-------- DATA EXTRACT --------

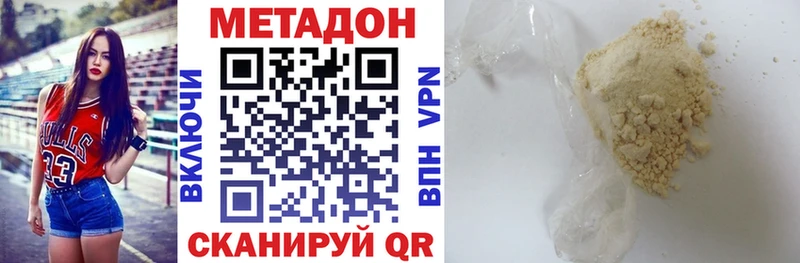 Купить  Нея  МЕТАДОН кристалл 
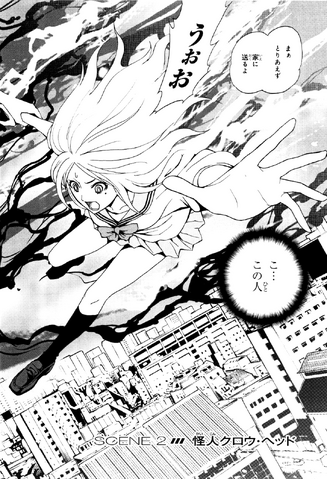 File:Chapter 2.png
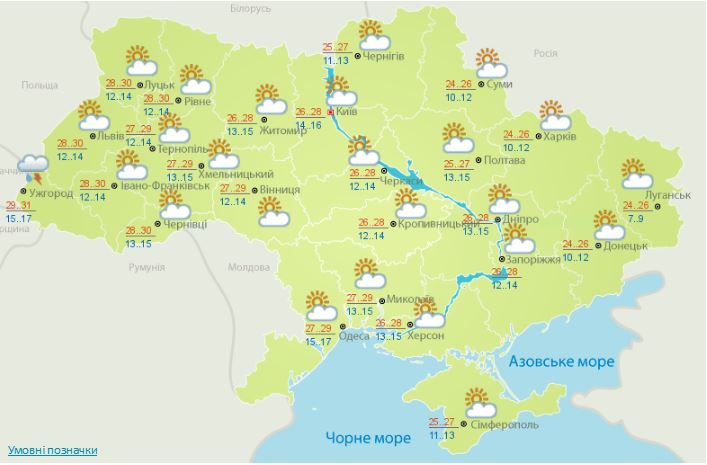 Прогноз погоди на 12 вересня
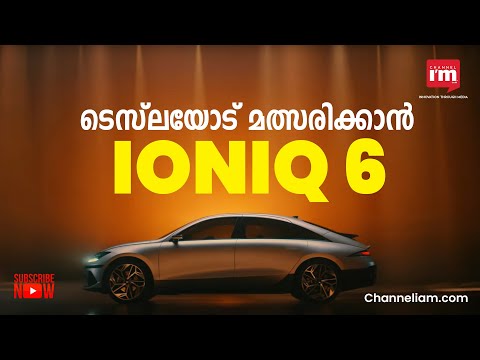 Hyundai Motor ആദ്യ ഇലക്ട്രിക് സെഡാൻ Ioniq 6 പുറത്തിറക്കി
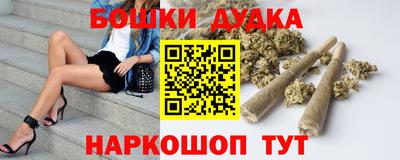 COCAINE Дмитров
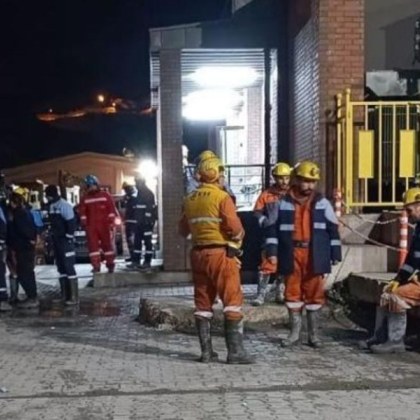 11 жертви взе злополука в мина за платина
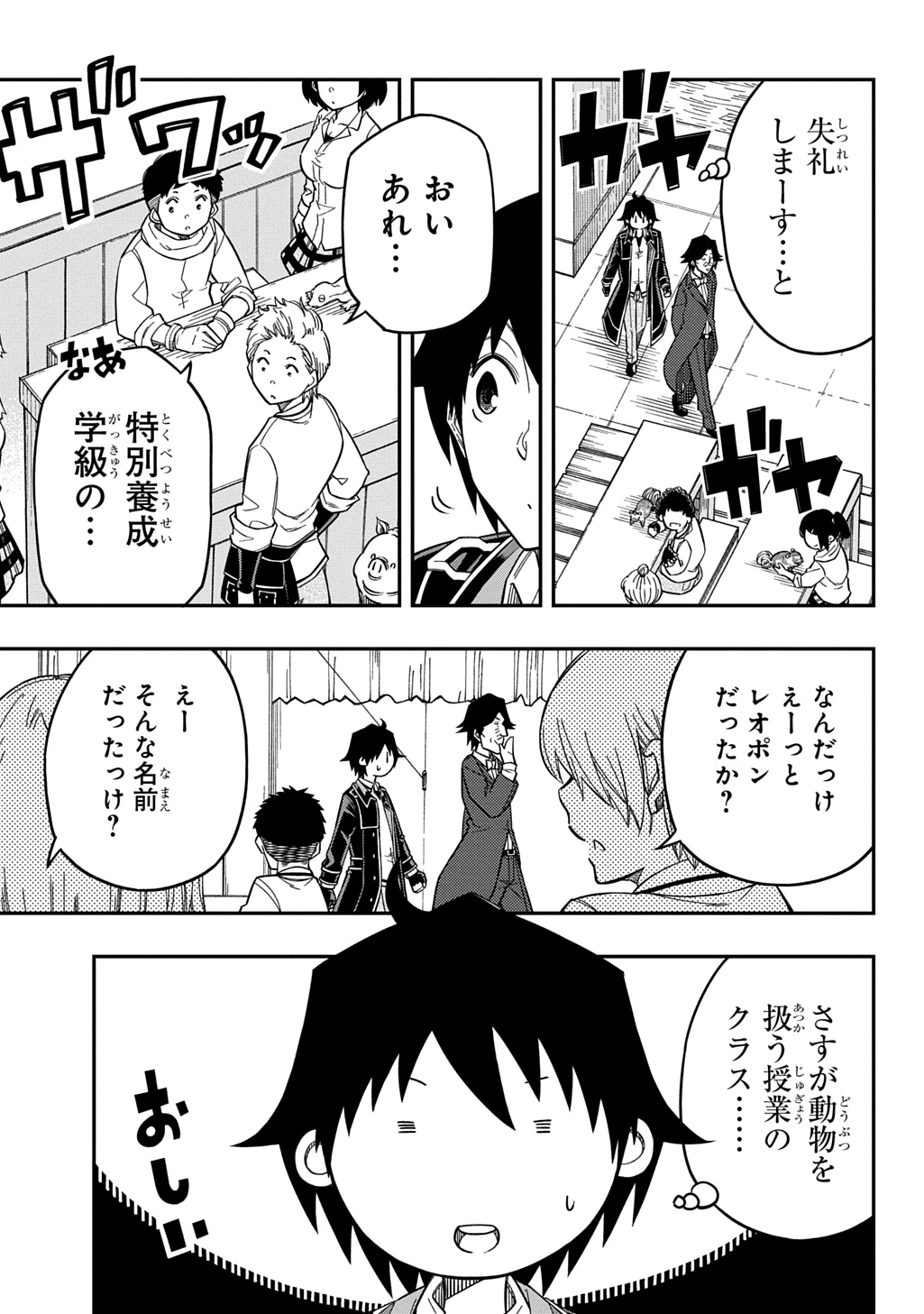 器用貧乏、城を建てる 第33話 - 23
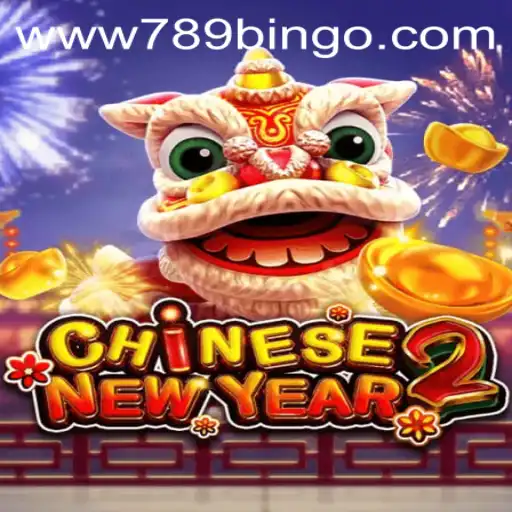 Exploring CHINESENEWYEAR2: A Festive Digital Experience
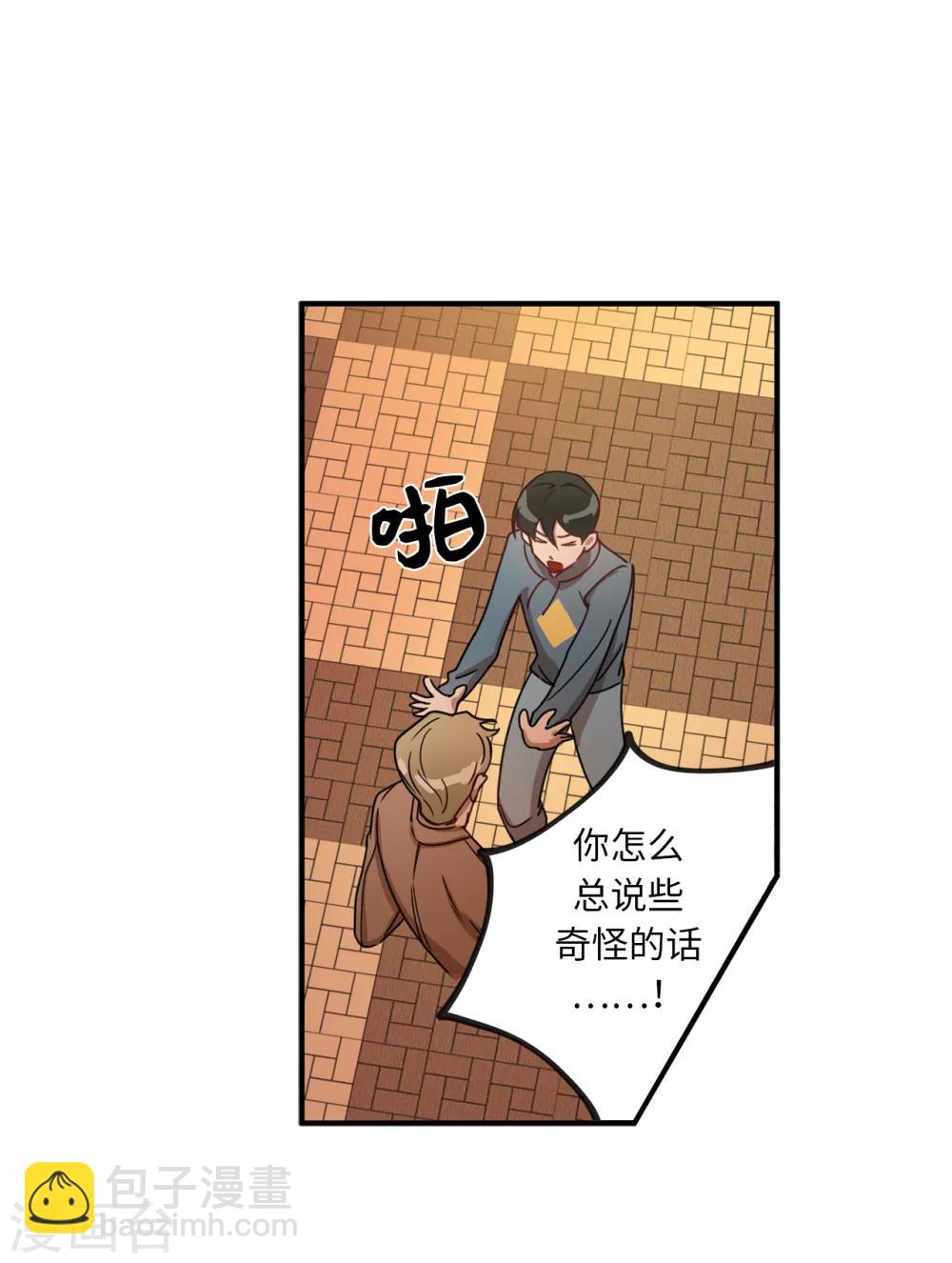 第6话 什么新娘！我是男生！-第6话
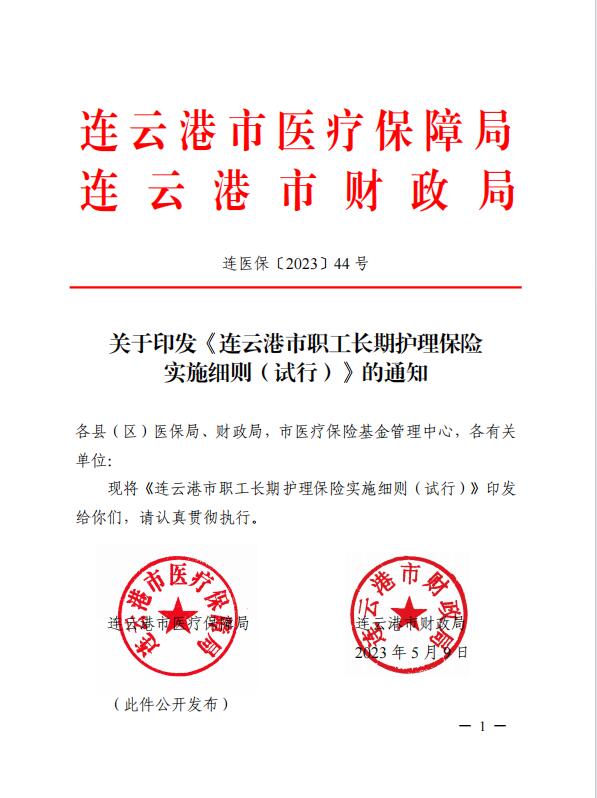 連醫(yī)?！?023〕44號+關(guān)于印發(fā)《+連云港市職工長期護(hù)理保險實施細(xì)則（+試行）+》+的通知1.jpg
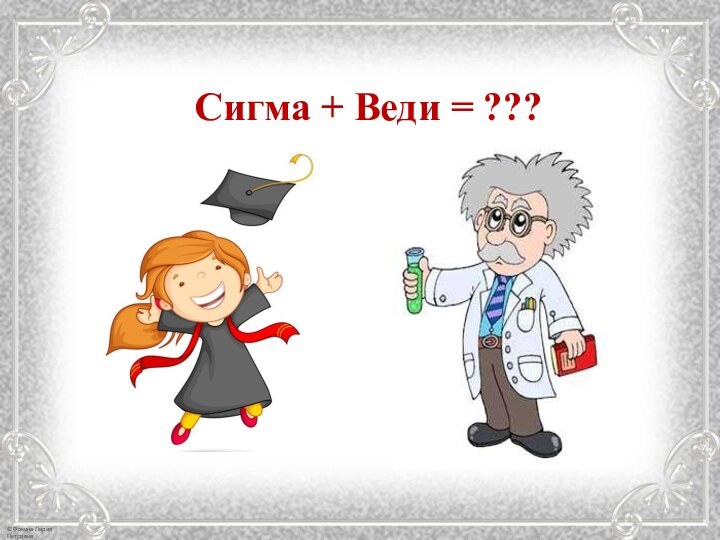 Сигма + Веди = ???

--------

TASK DESCRIPTION
Transcribe, word for word, the line holding "Hyundai Motor ആദ്യ" and all lines after it in the entries above, ending with the last. Only those lines; no pictures.

ANSWER TO THE PROBLEM
 Hyundai Motor ആദ്യ ഇലക്ട്രിക് സെഡാൻ Ioniq 6 പുറത്തിറക്കി
 COCAINE Дмитров
 11 жертви взе злополука в мина за платина
 器用貧乏、城を建てる 第33話 - 23
 Exploring CHINESENEWYEAR2: A Festive Digital Experience
 第6话 什么新娘！我是男生！-第6话
 連醫(yī)?！?023〕44號+關(guān)于印發(fā)《+連云港市職工長期護(hù)理保險實施細(xì)則（+試行）+》+的通知1.jpg
 Сигма + Веди = ???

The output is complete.